-- PROVIDED INFORMATION follows --
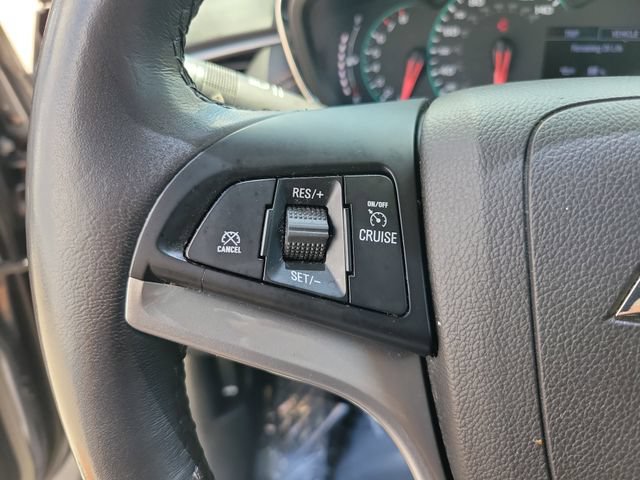 Used 2019 Chevrolet Trax LT w/ LT Convenience Package FWD image 26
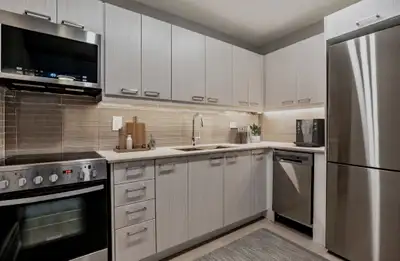 261 Vaughan - Vaughan Terrace Apartment for Rent
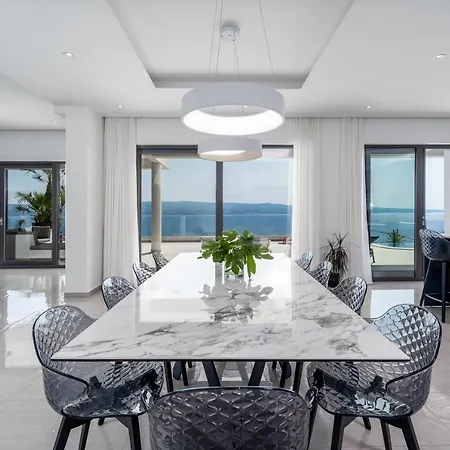 Vila Luxurious Ada; Hot Tub, Sauna, Gym, Pool Omiš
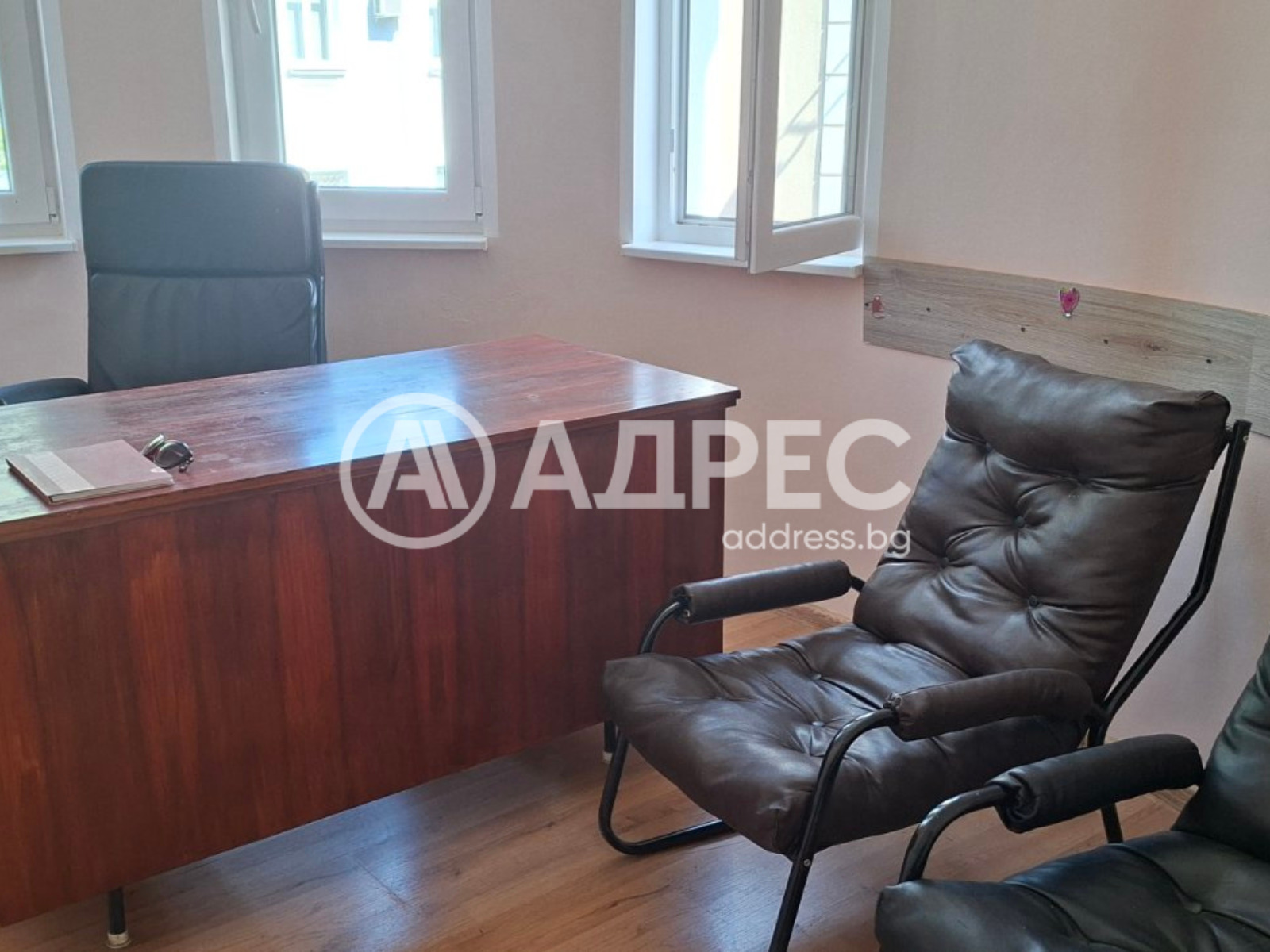 Дава под наем ОФИС, гр. Карлово, област Пловдив, снимка 2 - Офиси - 54343659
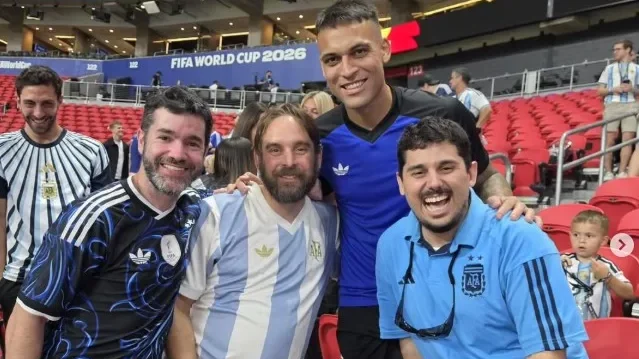 Luquita Rodríguez y los pibes de Paren La Mano con Lautaro Martínez en la semifinal Argentina-Inglaterra
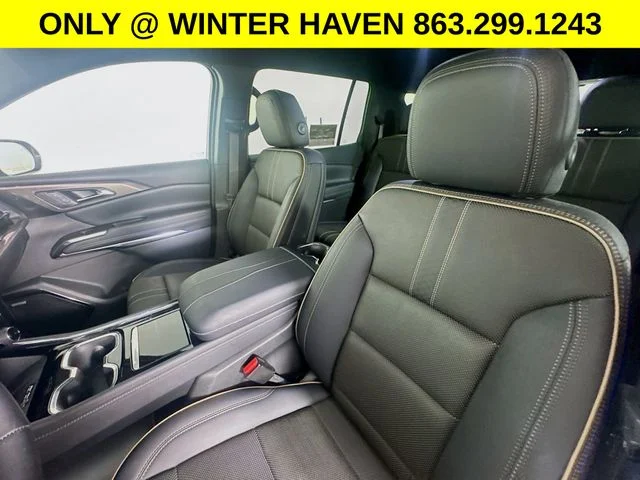 Used 2025 Beige Chevrolet High Country image 21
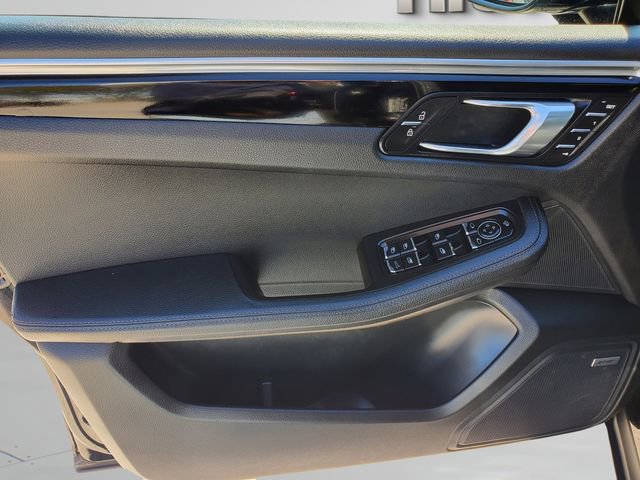 Used 2022 Porsche Macan Base image 18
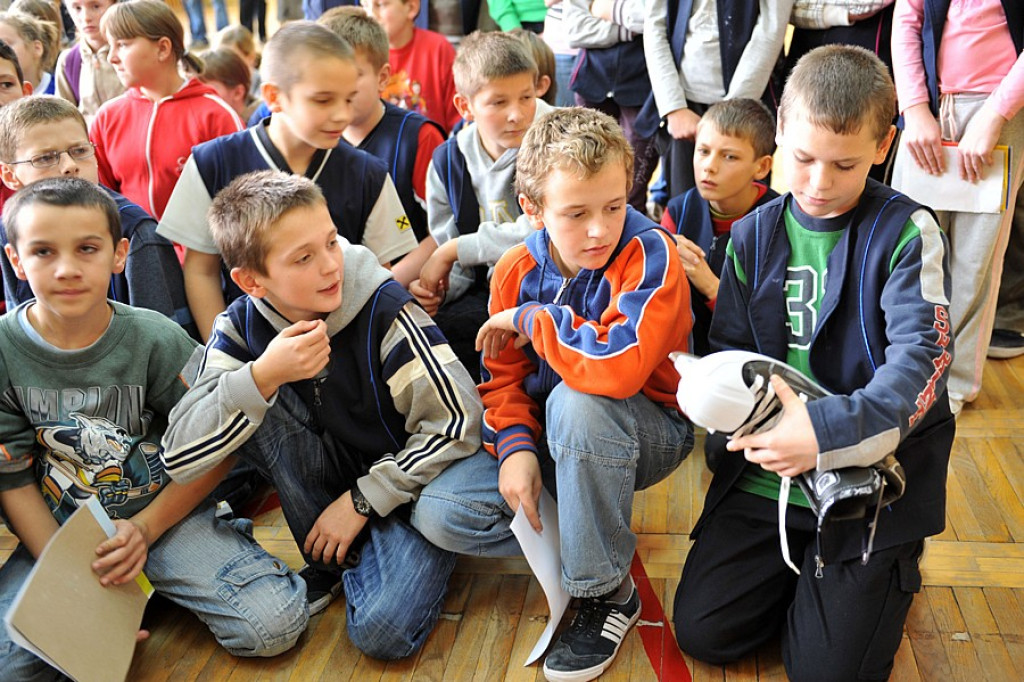 Hokeiści w Szkole Podstawowej we Frydmanie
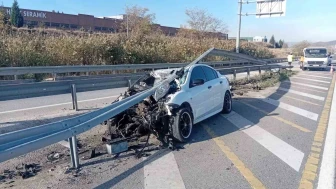 Otomobil bariyerlere çarptı; 6 kişi yaralandı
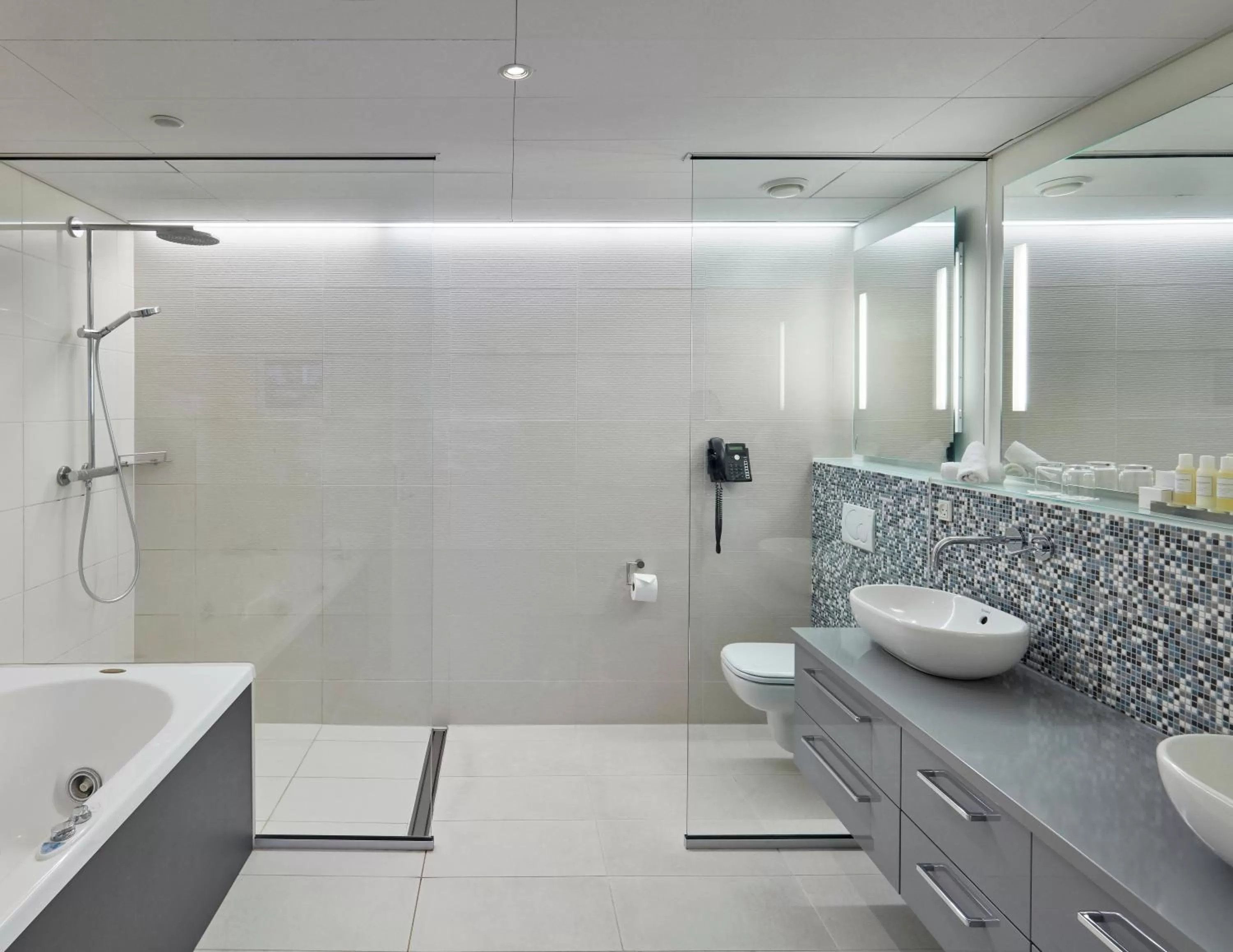 Bathroom in Crowne Plaza Copenhagen Towers by IHG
-- PROVIDED INFORMATION concluded --
The entries above are to be returned exactly, without their pictures.

 Used 2019 Chevrolet Trax LT w/ LT Convenience Package FWD image 26
 261 Vaughan - Vaughan Terrace Apartment for Rent
 Vila Luxurious Ada; Hot Tub, Sauna, Gym, Pool Omiš
 Дава под наем ОФИС, гр. Карлово, област Пловдив, снимка 2 - Офиси - 54343659
 Luquita Rodríguez y los pibes de Paren La Mano con Lautaro Martínez en la semifinal Argentina-Inglaterra
 Used 2025 Beige Chevrolet High Country image 21
 Used 2022 Porsche Macan Base image 18
 Hokeiści w Szkole Podstawowej we Frydmanie
 Otomobil bariyerlere çarptı; 6 kişi yaralandı
 Bathroom in Crowne Plaza Copenhagen Towers by IHG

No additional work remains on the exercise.